Assigned task: Repeat each record that follows, keeping it identical.

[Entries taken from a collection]
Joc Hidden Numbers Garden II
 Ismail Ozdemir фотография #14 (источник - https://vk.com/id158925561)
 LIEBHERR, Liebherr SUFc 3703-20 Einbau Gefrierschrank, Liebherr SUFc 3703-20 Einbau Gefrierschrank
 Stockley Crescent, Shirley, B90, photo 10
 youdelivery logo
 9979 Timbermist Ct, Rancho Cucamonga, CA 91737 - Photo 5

Reply:
Joc Hidden Numbers Garden II
 Ismail Ozdemir фотография #14 (источник - https://vk.com/id158925561)
 LIEBHERR, Liebherr SUFc 3703-20 Einbau Gefrierschrank, Liebherr SUFc 3703-20 Einbau Gefrierschrank
 Stockley Crescent, Shirley, B90, photo 10
 youdelivery logo
 9979 Timbermist Ct, Rancho Cucamonga, CA 91737 - Photo 5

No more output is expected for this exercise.